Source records
--*--

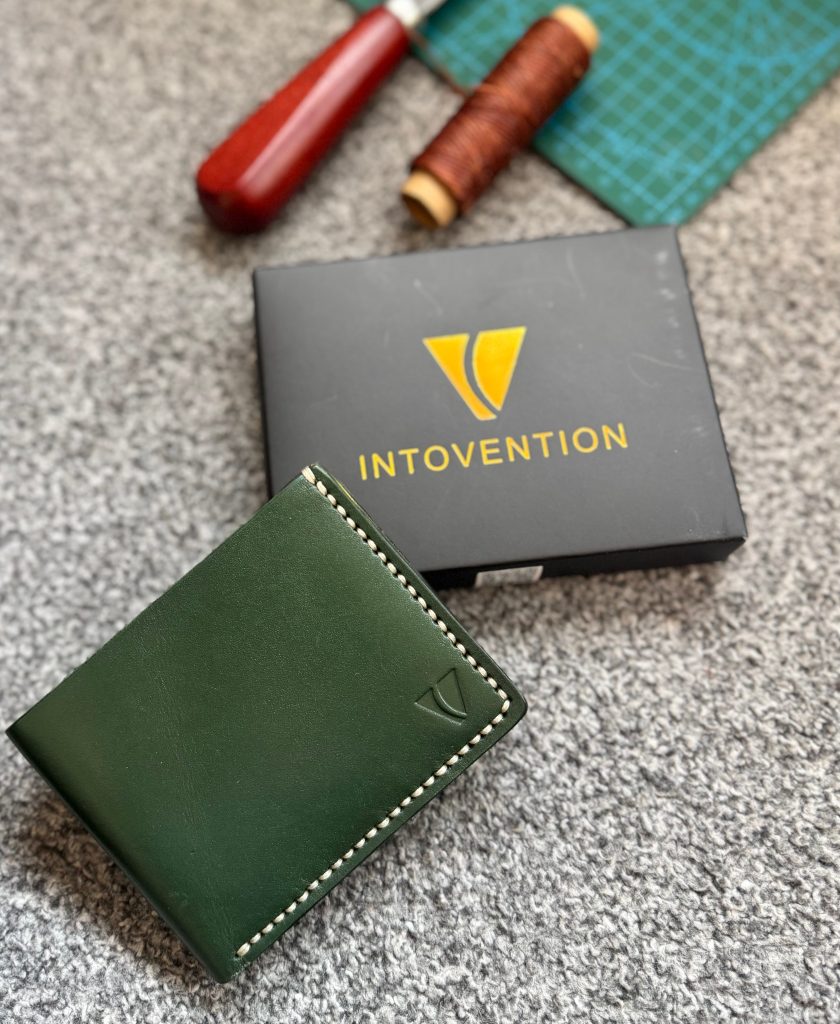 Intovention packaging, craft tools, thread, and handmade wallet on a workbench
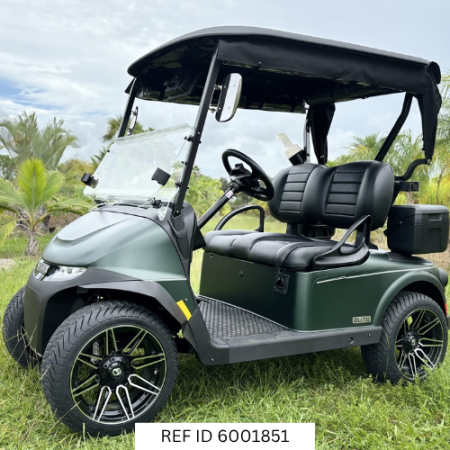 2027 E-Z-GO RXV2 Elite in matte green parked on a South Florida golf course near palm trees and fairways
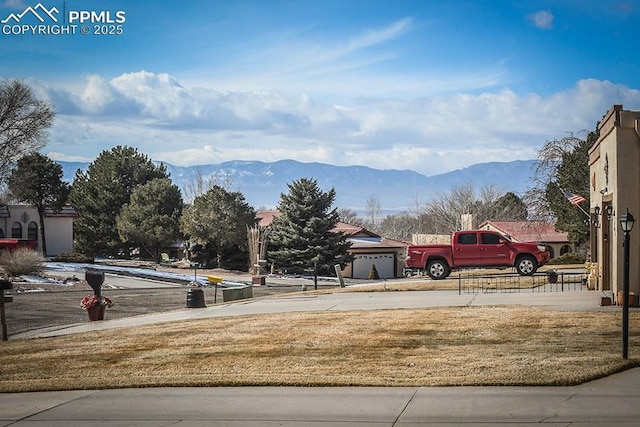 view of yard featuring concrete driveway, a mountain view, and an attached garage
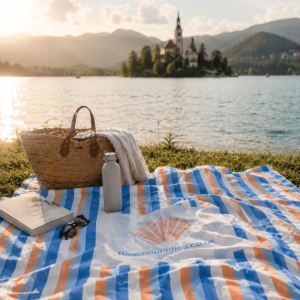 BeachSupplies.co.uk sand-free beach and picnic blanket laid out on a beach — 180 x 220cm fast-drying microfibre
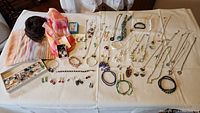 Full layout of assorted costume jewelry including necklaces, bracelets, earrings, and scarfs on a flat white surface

--*--

### WHAT TO DO
Print each line above exactly as it appears, excluding all images.

### WRITTEN SOLUTION
 Intovention packaging, craft tools, thread, and handmade wallet on a workbench
 2027 E-Z-GO RXV2 Elite in matte green parked on a South Florida golf course near palm trees and fairways
 view of yard featuring concrete driveway, a mountain view, and an attached garage
 BeachSupplies.co.uk sand-free beach and picnic blanket laid out on a beach — 180 x 220cm fast-drying microfibre
 Full layout of assorted costume jewelry including necklaces, bracelets, earrings, and scarfs on a flat white surface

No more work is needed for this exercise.